I have observed this type of portal-clustering of terminals on Drogradur and its neighboring planet, so I expected to see a portal here, too. Oddly, even though icons for terminals and the base were visible, the actual structures were not.
I landed near the cluster, and then walked towards the flag for PLOTKING’s base.
Upon arriving at the base-flag, it became clear that the base was actually underground. I’ve seen this before, too, but on purpose, namely when excavating for crates at the sites of crashed freighters. No Man’s Sky v1.3 introduced these plus the “Terrain Manipulator” function for the multi-tool. Players can now build things out of materials they find on planets. But they can also excavate.
I set up my own Communication Terminal directly above where PLOTKING’s base should have been. I entered the date, site name, and NMS (but with a typo, which I cannot edit, intending for it to read “NMSAS”). I fully expected to tunnel down to the base, which was now trapped under about 50 m of sand thanks to the catastrophic event of v1.3.
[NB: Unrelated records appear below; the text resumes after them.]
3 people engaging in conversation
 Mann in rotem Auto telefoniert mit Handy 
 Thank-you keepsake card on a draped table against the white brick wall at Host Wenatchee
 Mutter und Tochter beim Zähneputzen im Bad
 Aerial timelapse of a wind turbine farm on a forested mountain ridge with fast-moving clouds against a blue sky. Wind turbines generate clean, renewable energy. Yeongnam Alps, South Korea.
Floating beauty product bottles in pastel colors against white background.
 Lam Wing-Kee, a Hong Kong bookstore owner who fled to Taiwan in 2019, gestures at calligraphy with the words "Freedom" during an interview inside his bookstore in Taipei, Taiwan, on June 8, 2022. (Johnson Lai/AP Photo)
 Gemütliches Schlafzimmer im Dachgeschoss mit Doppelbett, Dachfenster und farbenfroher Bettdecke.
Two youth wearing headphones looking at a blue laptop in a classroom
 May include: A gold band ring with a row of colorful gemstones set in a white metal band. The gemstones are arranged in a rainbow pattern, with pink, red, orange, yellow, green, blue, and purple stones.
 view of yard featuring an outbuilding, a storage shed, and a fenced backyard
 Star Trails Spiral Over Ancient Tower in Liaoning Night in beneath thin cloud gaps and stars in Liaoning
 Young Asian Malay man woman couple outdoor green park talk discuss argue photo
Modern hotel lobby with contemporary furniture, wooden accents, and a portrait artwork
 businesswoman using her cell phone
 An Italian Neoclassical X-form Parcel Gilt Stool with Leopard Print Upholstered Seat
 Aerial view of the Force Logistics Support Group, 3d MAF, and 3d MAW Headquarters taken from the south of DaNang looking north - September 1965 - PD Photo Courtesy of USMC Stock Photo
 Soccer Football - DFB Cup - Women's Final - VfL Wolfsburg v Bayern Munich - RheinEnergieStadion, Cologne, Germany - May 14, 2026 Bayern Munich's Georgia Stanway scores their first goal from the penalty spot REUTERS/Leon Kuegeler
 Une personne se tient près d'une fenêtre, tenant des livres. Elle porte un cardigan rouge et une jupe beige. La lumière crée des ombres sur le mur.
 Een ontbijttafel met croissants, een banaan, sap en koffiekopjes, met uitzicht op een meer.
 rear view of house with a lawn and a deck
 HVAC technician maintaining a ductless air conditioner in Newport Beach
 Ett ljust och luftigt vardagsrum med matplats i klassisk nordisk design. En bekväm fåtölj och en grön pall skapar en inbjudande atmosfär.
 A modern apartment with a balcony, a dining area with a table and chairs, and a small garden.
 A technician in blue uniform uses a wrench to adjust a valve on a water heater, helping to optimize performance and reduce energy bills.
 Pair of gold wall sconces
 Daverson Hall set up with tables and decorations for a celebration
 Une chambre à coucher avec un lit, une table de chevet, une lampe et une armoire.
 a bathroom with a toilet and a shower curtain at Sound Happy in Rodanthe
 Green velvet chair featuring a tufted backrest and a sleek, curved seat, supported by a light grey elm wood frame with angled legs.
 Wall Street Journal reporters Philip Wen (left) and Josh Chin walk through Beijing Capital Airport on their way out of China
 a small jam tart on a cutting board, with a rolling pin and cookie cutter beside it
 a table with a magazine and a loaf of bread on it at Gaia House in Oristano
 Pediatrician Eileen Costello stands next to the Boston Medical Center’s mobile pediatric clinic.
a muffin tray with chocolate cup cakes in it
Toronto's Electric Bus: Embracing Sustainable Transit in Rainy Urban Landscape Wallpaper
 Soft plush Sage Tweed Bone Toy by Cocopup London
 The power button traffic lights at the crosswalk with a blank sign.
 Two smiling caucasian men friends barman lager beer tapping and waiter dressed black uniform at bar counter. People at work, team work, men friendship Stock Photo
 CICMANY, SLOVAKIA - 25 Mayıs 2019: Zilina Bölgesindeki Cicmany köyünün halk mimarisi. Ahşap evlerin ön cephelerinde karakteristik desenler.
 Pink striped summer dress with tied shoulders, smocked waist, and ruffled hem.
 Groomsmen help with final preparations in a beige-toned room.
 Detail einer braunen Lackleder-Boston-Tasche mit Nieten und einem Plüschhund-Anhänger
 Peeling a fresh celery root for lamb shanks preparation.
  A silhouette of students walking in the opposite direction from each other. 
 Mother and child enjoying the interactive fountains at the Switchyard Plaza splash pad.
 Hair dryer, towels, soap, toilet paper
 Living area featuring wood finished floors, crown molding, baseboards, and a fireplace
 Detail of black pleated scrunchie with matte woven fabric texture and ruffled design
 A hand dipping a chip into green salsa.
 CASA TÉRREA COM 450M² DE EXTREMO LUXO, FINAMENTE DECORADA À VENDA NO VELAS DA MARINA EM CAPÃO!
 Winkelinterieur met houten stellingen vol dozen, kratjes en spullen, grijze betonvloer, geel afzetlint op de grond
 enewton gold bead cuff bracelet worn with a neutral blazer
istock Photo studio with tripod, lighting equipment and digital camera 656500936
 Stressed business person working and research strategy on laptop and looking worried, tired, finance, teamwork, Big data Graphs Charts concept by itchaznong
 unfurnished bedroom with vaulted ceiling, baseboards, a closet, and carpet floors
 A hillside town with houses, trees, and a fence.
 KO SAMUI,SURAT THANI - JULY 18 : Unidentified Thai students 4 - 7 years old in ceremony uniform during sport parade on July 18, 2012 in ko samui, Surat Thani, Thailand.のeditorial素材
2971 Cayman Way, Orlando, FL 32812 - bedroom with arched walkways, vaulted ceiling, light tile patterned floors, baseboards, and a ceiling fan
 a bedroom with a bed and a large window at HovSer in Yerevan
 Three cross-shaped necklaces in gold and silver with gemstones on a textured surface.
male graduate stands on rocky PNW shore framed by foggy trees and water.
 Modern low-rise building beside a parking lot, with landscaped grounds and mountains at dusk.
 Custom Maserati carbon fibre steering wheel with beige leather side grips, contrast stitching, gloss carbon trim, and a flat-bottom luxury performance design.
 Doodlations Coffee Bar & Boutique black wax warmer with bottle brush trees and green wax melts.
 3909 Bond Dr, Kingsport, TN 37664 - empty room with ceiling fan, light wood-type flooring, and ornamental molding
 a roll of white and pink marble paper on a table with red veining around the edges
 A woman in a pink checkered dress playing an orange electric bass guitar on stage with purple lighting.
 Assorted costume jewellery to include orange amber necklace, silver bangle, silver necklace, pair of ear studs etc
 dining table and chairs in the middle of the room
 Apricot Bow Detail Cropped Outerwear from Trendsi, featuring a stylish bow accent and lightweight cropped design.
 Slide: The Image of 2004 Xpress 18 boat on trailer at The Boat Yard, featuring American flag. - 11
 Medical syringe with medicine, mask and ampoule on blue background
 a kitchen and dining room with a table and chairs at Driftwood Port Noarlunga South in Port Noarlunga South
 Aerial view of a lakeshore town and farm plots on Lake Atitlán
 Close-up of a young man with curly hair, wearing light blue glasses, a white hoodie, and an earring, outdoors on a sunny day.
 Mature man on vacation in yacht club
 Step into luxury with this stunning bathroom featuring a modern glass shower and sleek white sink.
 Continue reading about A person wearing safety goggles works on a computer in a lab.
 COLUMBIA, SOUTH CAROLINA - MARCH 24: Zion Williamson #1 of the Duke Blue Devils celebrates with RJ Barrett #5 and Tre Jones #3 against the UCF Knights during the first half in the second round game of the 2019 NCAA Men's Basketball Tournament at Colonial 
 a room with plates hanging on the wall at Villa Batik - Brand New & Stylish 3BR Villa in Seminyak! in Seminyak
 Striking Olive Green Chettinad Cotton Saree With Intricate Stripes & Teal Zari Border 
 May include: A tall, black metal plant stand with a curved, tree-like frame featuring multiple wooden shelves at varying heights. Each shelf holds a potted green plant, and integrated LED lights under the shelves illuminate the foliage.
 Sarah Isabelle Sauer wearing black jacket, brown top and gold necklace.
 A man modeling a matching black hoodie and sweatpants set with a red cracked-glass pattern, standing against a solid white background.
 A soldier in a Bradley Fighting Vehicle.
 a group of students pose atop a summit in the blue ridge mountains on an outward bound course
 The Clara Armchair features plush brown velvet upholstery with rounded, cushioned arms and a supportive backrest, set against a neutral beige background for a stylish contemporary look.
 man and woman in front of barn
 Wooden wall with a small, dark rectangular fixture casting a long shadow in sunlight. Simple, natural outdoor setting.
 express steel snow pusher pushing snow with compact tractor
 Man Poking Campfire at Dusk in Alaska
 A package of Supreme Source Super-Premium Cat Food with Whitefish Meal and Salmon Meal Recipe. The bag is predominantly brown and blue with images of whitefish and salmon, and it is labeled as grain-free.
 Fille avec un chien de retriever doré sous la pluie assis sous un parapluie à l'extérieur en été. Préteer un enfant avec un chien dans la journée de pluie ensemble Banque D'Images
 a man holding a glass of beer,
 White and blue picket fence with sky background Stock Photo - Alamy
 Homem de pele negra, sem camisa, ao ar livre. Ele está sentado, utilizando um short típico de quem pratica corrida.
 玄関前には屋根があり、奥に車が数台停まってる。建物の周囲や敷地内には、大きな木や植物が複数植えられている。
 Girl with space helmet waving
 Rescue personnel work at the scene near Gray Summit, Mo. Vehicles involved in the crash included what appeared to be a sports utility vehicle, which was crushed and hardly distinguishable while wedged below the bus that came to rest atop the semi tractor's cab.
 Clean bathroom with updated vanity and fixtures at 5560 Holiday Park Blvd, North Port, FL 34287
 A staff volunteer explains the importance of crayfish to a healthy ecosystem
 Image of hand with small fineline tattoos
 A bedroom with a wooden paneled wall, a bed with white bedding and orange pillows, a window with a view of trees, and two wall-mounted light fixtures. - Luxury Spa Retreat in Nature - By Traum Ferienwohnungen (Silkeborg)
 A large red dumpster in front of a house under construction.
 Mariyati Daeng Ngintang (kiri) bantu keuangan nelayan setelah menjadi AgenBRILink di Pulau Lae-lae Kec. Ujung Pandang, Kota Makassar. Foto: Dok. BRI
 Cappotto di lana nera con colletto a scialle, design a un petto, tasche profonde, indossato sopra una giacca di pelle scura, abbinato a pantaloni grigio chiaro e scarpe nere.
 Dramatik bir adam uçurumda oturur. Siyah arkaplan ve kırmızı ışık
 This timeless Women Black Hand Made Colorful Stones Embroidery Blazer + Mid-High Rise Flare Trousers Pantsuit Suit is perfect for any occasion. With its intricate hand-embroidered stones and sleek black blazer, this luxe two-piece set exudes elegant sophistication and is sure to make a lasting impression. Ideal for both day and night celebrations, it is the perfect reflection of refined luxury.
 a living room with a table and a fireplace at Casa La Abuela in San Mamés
What I discovered through tunneling is that the base and the c. two dozen Communication Terminals are buried under the bedrock, which the Terrain Manipulator cannot cut through. I attempted to tunnel to other nearby terminals, but it’s clear that these are under the bedrock, too. So while I can pinpoint the locations of these terminals and of the base, I will never be able to read what they say or identify who left them.
Watch the video below to see where the base and terminals should be, and how the Terrain Manipulator works.
Following the brief excavation, I wanted to see if there were other Communication Terminals that I could read. As it happens, there were.
About a 1-minute flight away were three grouped Communications Terminals suspended in mid-air.
Players of NMS will know that it is impossible to place Communications Terminals in free space. Based on their current placement, and the fact that the notes from each terminal reference climbing a mountain, it is clear that these terminals mark the previous disposition of the planet’s landscape prior to v1.3, and even gives a hint to the shape. There used to be a mountain here, but now it is only sand. The video below shows a flyover as well as what the terminals say.
The results of today’s initial explorations of planet Pr might mark the first in-game excavation of a human-player settlement buried by a catastrophic event that had consequences unintended by the game’s developer (Hello Games). This work also documents how a planet’s landscape changed, and what happened to the human-placed material culture now abandoned because of the recent exodus from the original Galactic Hub. Base on my preliminary investigations of planets Drogradur and Pr, the archaeology of post-v1.3 NMS appears to be very rich indeed.
—Andrew Reinhard, Archaeogaming
Archaeogaming is a collective of gamers who are interested in applying archaeological methods while exploring game-worlds. We are interested in the evolution of gaming worlds and in the use of archaeology while in-game. Archaeogaming was founded by Andrew Reinhard on June 9, 2013.
I’ve been lucky, as most of my beacons and assets were buried shallow, floating near grade or inside objects. Many players have been before me in places but left little to discover.
Are you going to make this study part of your thesis?
Yes, pending the successful outcome of my ethics review later this month.